This page is geared to display to the user the values he entered for the rate and quantity in the previous page. You will notice that the placeholders in this XML file are #{qty} and #{rate} — these names will be looked up in the map and automatically replaced by the corresponding values from the map when the HTML page is being assembled. As before, the action field of this form points to the continuation id for the given page, which represents the child continuation of the continuation generated for the getRateAmt page.

The rest of the application flow in Listing 4 can be understood in a similar fashion. One interesting thing to note is that the page getShipOpt will be shown to the user only if he selected “S” for getting the purchased items shipped. If the user has selected that option, a new continuation will be generated. If the user has selected “P” for pickup, then the getShipOpt page doesn’t have to be shown, and, hence, no continuation will be generated.

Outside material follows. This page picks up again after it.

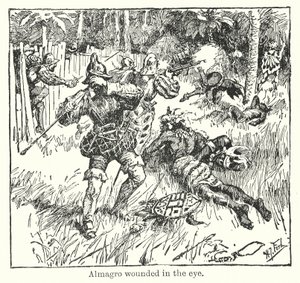 Almagro zraniony w oko (litografia) autorstwa Henry Justice Ford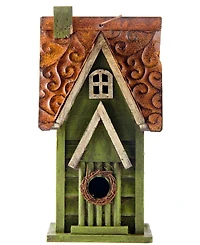 Glitzhome Distressed Solid Wood Birdhouse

JavaScript vs. the Java language

This brings me to the end of the continuations-based sample application developed in JavaScript. It is also possible to develop the same application with an alternative Cocoon flow interpreter that works with pure Java language, allowing you to write the entire application logic as a single Java program. I’ll show you how the Java interpreter works in a moment, but first I’d like to consider the arguments for and against writing the program in Java language.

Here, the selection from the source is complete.